It’s this part of foster care that causes many people to say, “I could never be a foster parent.” A child moves into your home and life. You care for that child. You get to know that child. You begin to love that child and that love grows. Then one day you find yourself packing their things and handing them over to a case worker because they are being moved to live with a family member, a family friend, or in the best case scenario, back to mom and/or dad.
I will not sugar coat it. It is not easy at all!!!
So why do we put ourselves thru this?
For me, it is the realization that as much as my heart breaks when I have to say good-bye, foster children have more than just heart-break. They are removed from the care of their parent(s) which means on top of heart-break they feel fear, confusion, and uncertainty. They grieve the loss of their family, friends, home, pets and the life they knew.

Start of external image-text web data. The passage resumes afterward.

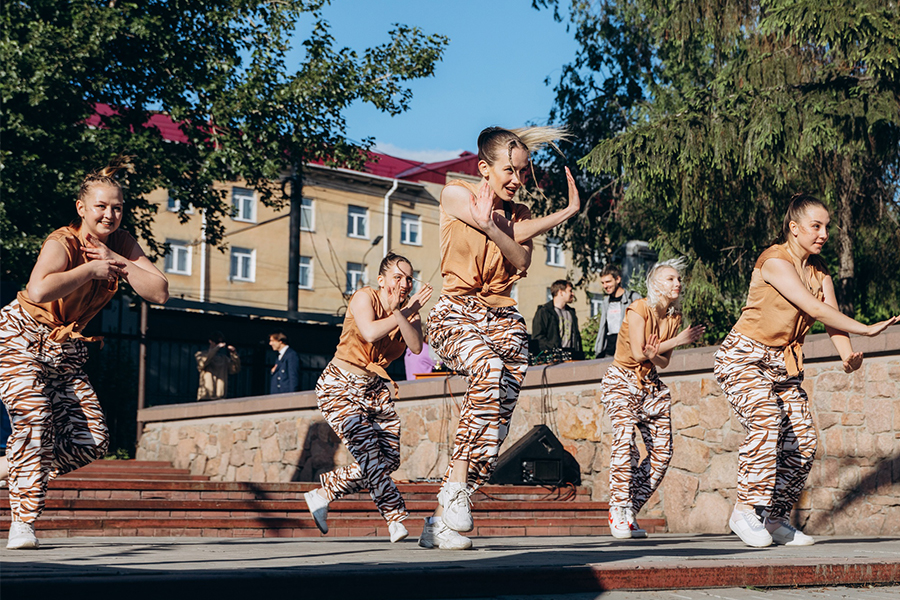 Политех приглашает омичей на летний фестиваль «Универфест» Политех приглашает омичей на летний фестиваль «Универфест»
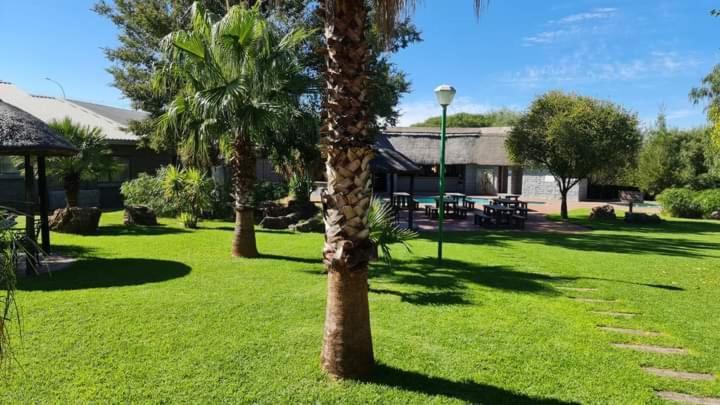 Kalahari Lodge קימברלי מראה חיצוני תמונה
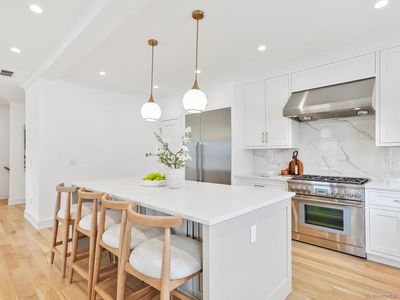 345 Reef Road #B6, Fairfield, CT, 06824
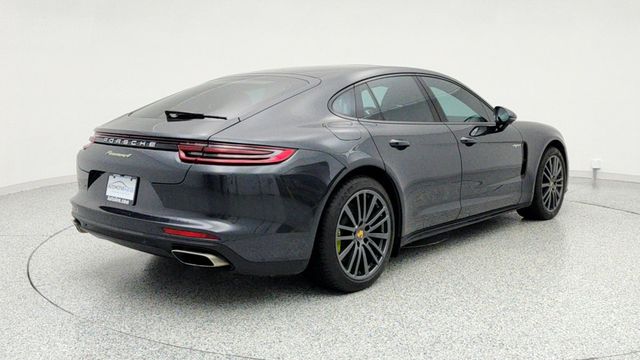 2019 Porsche Panamera 4 E-Hybrid AWD w/ Premium Package Plus, 20'' Wheels & 4-Zone CC - 22955786 - 4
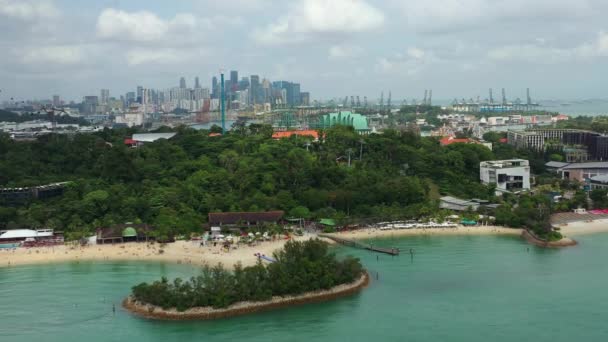 シンガポールの有名なエンターテイメントとリラックスした島のビーチエリア 空中パノラマ — ストック動画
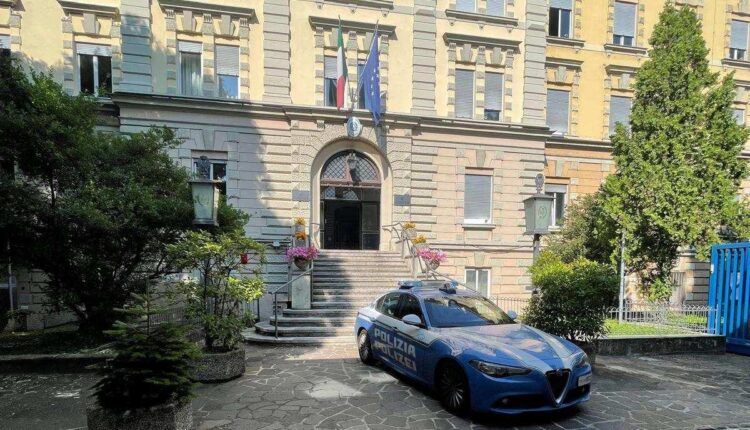 Bolzano: ruba cosmetici e profumi in vari negozi. 38enne pluripregiudicata arrestata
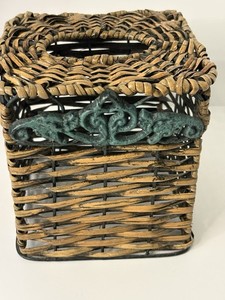 Vtg Brown Wicker Kleenex Tissue Box Holder Dark Green Metal Design Nice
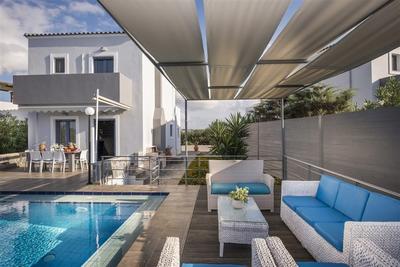 Tři moderní vily s bazény a výhledem na moře, Kréta, Řecko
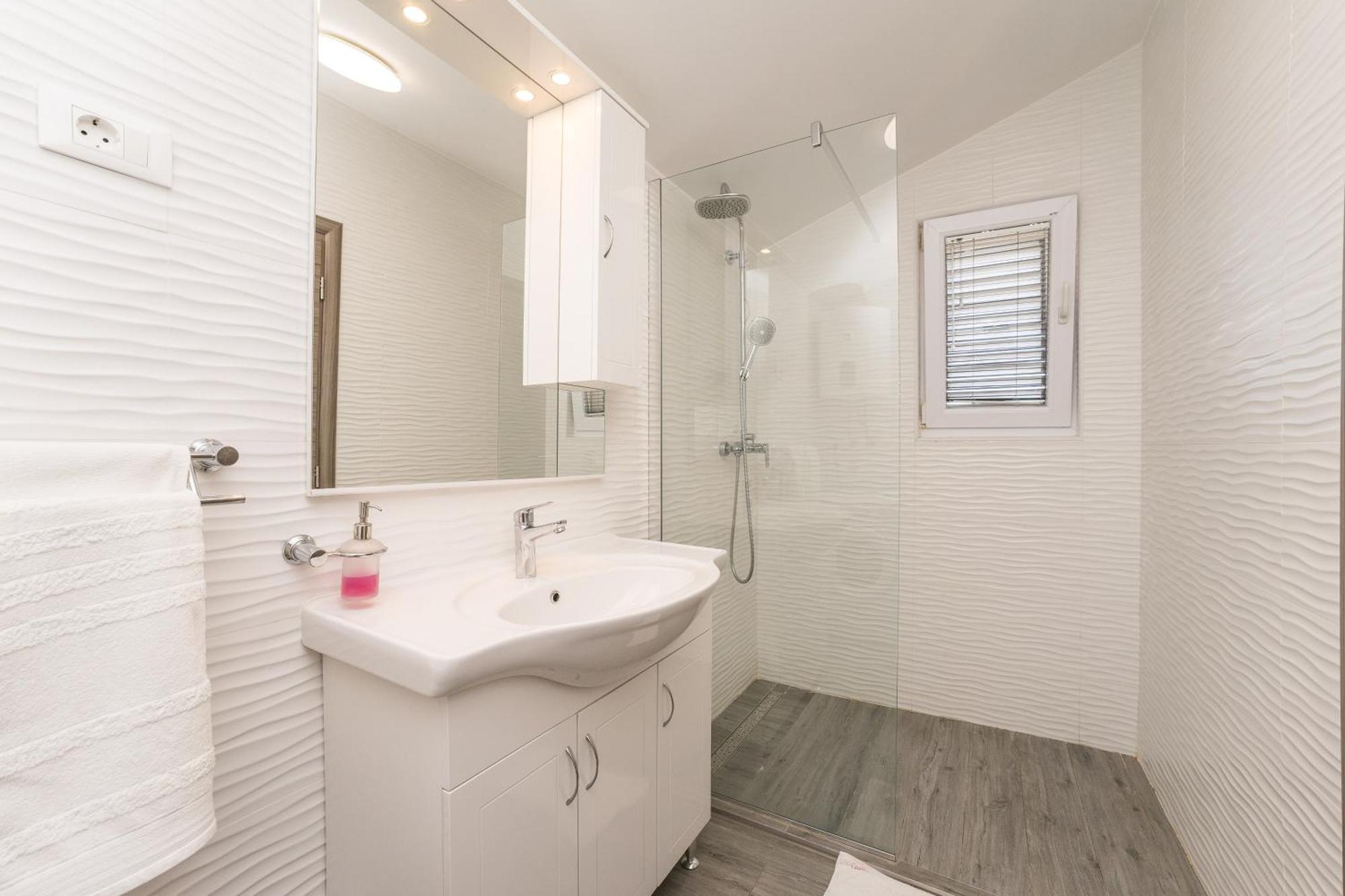 Apartment Maza *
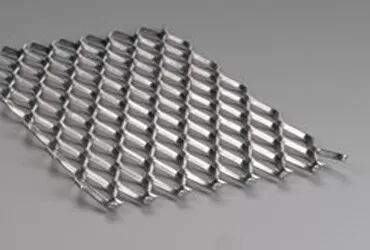 टिकाऊ विस्तारित धातु स्क्रीन जाल पर्दा दीवार एल्यूमीनियम 0.4-8 मिमी मोटाई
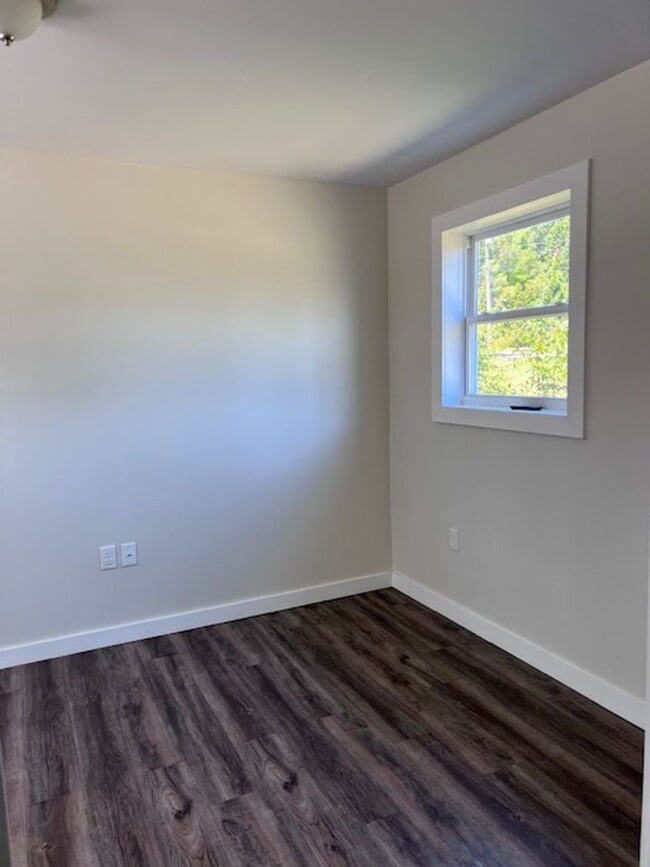 Building Photo - FREE 1 MONTH RENT!! Beautifully remodeled and completed 1 bedroom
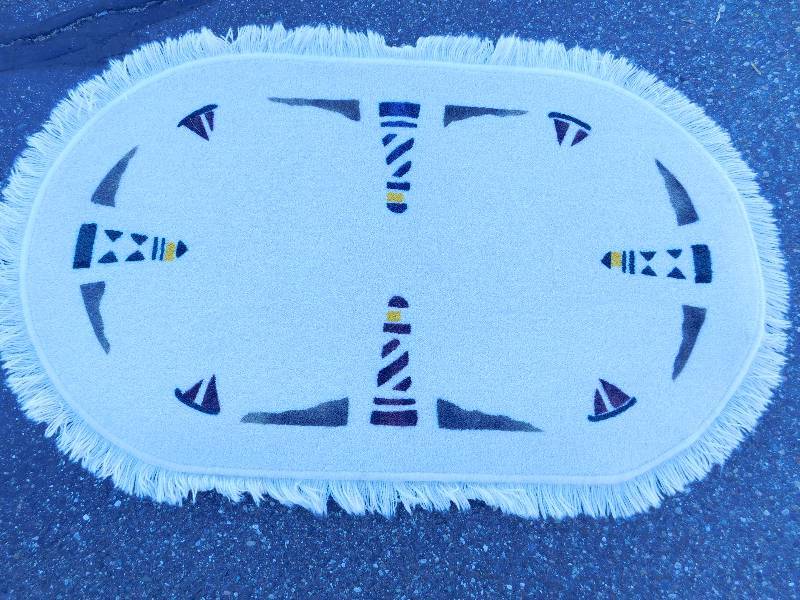 2.5x4 Hand Painted Fringed Oval Rug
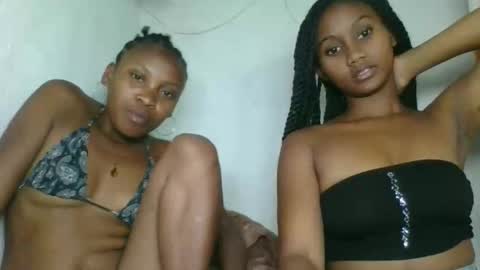 andressa03 online show from November 10, 2025, 6:29 pm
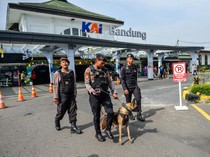 Polda Jabar Kerahkan Anjing K9 Amankan Mudik Lebaran di Stasiun Bandung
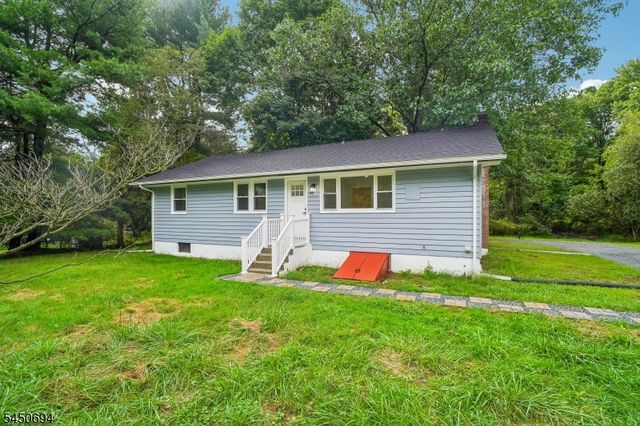 60 Flower Ave, Washington Boro, NJ 07882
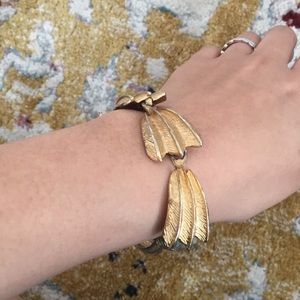 Vintage Bracelet with Clasp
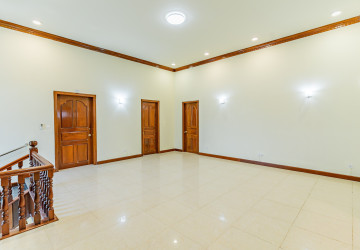 5 Bedroom Villa For Rent - Tonle Bassac, Phnom Penh thumbnail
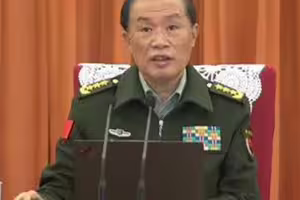何衛東被抓了? 習近平軍方嫡系傳「被帶走」 這軍方巨頭「背坐不送」藐視習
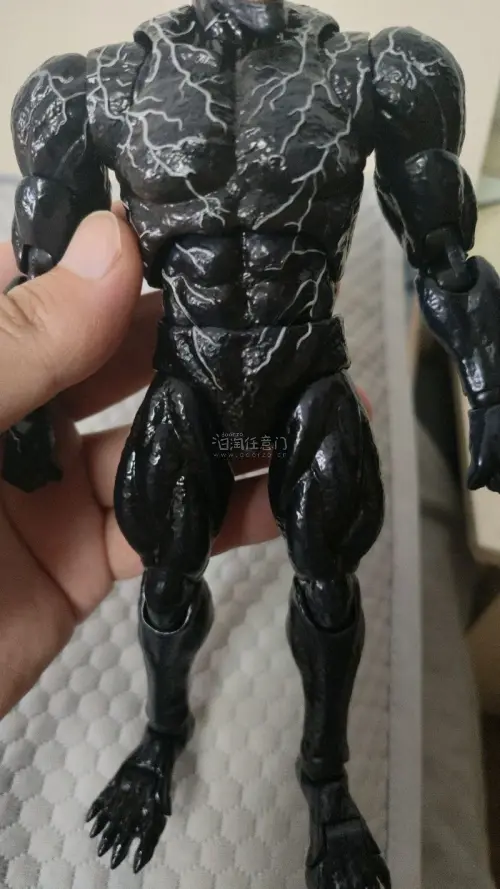 这次购物体验不错，物流速度快，打包也可以，主要是价格非常实惠，比国内便宜了不少。配件量大，可玩性高，真人头雕刻画到位传神。6寸中少有的的精品模玩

These kid’s lives are turned upside-down and it’s my job to help them turn their lives rightside-up again.
So I do this because they need me to help them feel safe and sure. They need to feel love and security. They need some assurance that no matter what happens, they will be okay.
You see, this isn’t about me and what I can’t do or about my fear of having my heart-broken. Foster parents “will” have their heart broken over and over again. This is about the thousands of children in foster care who need me to put aside my fear of a broken heart so I can help mend little broken hearts.
While I would love to have baby girl stay in our care, what I want really isn’t a factor in what the case worker or judge will decide. All I can do is love her while I have her. Yes, there will be heart break and lots of tears, but at the same time I will be prepared to open my arms wide for the next little one whose heart is in need of mending.